◆ **Prompt**: Print out every record exactly as it appears.

[[ Data to process open ]]

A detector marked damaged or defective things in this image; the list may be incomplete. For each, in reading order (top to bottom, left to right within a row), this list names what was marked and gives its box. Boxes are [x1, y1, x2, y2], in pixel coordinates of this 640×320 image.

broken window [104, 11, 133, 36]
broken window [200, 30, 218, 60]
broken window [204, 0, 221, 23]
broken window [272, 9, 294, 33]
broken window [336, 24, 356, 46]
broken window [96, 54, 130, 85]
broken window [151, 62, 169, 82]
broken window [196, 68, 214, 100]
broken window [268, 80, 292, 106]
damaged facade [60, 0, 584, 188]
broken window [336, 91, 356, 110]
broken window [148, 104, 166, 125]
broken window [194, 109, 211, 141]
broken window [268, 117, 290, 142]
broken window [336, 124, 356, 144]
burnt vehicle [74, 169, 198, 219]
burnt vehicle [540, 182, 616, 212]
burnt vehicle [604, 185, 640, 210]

[[ Data to process closed ]]

◆ **Written answer**:
A detector marked damaged or defective things in this image; the list may be incomplete. For each, in reading order (top to bottom, left to right within a row), this list names what was marked and gives its box. Boxes are [x1, y1, x2, y2], in pixel coordinates of this 640×320 image.

broken window [104, 11, 133, 36]
broken window [200, 30, 218, 60]
broken window [204, 0, 221, 23]
broken window [272, 9, 294, 33]
broken window [336, 24, 356, 46]
broken window [96, 54, 130, 85]
broken window [151, 62, 169, 82]
broken window [196, 68, 214, 100]
broken window [268, 80, 292, 106]
damaged facade [60, 0, 584, 188]
broken window [336, 91, 356, 110]
broken window [148, 104, 166, 125]
broken window [194, 109, 211, 141]
broken window [268, 117, 290, 142]
broken window [336, 124, 356, 144]
burnt vehicle [74, 169, 198, 219]
burnt vehicle [540, 182, 616, 212]
burnt vehicle [604, 185, 640, 210]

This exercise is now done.